We started 2020 predicting a ‘choppy year’ for investors as we left the EU and entered the transitional period; whilst Russia and Saudi Arabia fought a ‘war-of-words’ (the collateral damage was global oil prices); the backdrop of a Presidential twitter account having the potential to yo-yo anything, anywhere, leading up to the US election later this year guaranteed uncertainty.
June (and indeed most of Q2) met our expectation for ‘choppiness’, albeit due largely to the global impact of coronavirus.
Hopes of economic recovery were tempered by fears of a second wave of infection as instances of COVID-19 surged in parts of the US. Lockdown measures continued to ease around the world; however, the World Health Organisation (WHO) warned that Europe had experienced an weekly increase in cases for the first time in months and urged member states to take action to avoid a “significant resurgence”.
According to the WHO, over ten million cases of COVID-19 had been diagnosed worldwide by the end of June, with more than 500,000 deaths recorded.

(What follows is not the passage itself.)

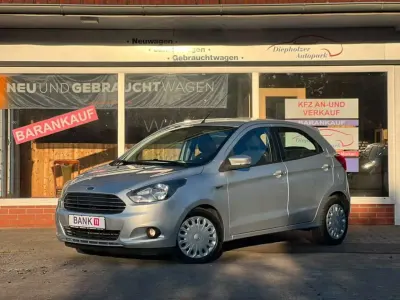 Gebraucht Ford Ka Basis 69 PS (50 kW) 2017 Ingot silver metallic 2 Limousine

The International Monetary Fund (IMF) believes that investors’ optimism is being underpinned by anticipation of continued support from central banks but warned that “financial market expectations about the extent of central bank support could turn out to be optimistic”. The Bank of England, the US Federal Reserve, and the European Central Bank all extended monetary stimulus measures during June.
The coronavirus pandemic has created the worst global economic collapse since 1870, according to the World Bank, which found that around 90% of the 183 economies in its study were predicted to experience recession in 2020, compared with about 85% at the height of the Great Depression of 1930-32. The World Bank expects the global economy to contract by 5.2% this year; in comparison, the IMF cut its forecast for global economic growth in 2020 from -3% to -4.9% during June.
More positively, sentiment received a boost during the month from the news that the US labour market rallied unexpectedly in May: the country’s economy added 25 million jobs and the rate of unemployment fell from 14.7% to 13.3%. Investors’ hopes were quelled later in June, however, as the number of fresh claims for unemployment benefit fell less steeply than expected.
With only six months until the Brexit transition period ends, investors’ attention began to shift from the pandemic towards the developments in the negotiation process. The Organisation for Economic Cooperation & Development (OECD) warned that the UK risked further economic instability if it failed to agree a trade deal with the EU by the end of 2020.